Final answer:
To determine the amount of precipitate formed when iron(III) chlorate reacts with sodium hydroxide, the moles of iron(III) chlorate must be calculated using its mass and molar mass, followed by a stoichiometric conversion to find the precipitate's mass.
Step-by-step explanation:
The student is tasked with determining the amount of precipitate formed when 110.00 grams of iron(III) chlorate is reacted with excess sodium hydroxide. To solve this problem, we must first write the balanced chemical equation for the reaction, then calculate the number of moles of iron(III) chlorate, followed by using stoichiometry to find the amount of precipitate formed.
Assuming the reaction is:
Fe(ClO3)3(aq) + 3NaOH(aq) → Fe(OH)3(s) + 3NaClO3(aq)
This reaction suggests that one mole of iron(III) chlorate reacts with three moles of sodium hydroxide to form one mole of iron(III) hydroxide as precipitate and three moles of sodium chlorate.
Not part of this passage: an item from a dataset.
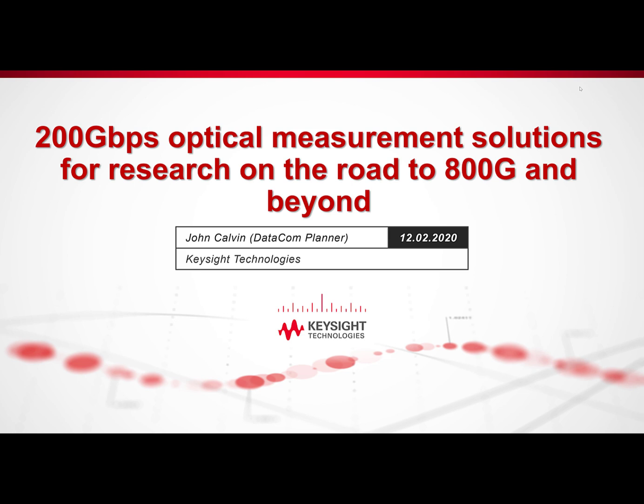Hi, my name is John Calvin and I'm a Datacom planner with Keysight Technologies. This video will offer a short introduction of Keysight's newest optical accessories, as well as software designed for Infinium UXR series real-time oscilloscopes directed to validation and debug support and standards.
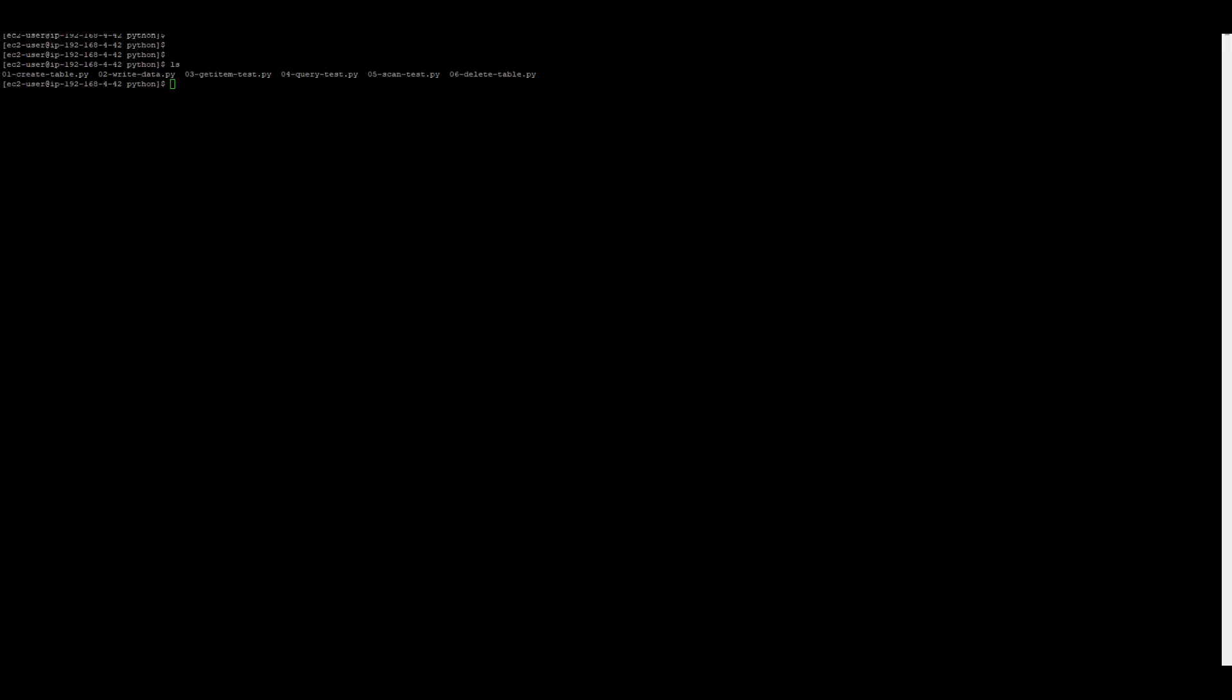It is easier to use VPC endpoint to access DynamoDB table. That secures your connection and keeps the traffic within the AWS network. I hope this will help you to set up your VPC endpoint. We will see you in next session. Thanks for watching this.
Here's how you can calculate the precipitate:
- Determine the molar mass of iron(III) chlorate.
- Calculate the number of moles of iron(III) chlorate in 110.00 grams.
- Use the mole ratio from the balanced equation to find the moles of iron(III) hydroxide precipitate.
- Calculate the mass of precipitate using the molar mass of iron(III) hydroxide.
To determine if other solid products form from reactions with solute ions, solubility rules and reaction stoichiometry are applied. For example, mixing cesium bromide and lead (II) nitrate will produce lead (II) bromide precipitate as these two salts react to form an insoluble product. Similarly, the reaction between silver nitrate and sodium chloride yields a precipitate of silver chloride. The solubility of potential precipitates such as barium sulfate can be predicted by understanding solubility rules and calculating the reaction quotient Q in comparison to the solubility product constant Ksp.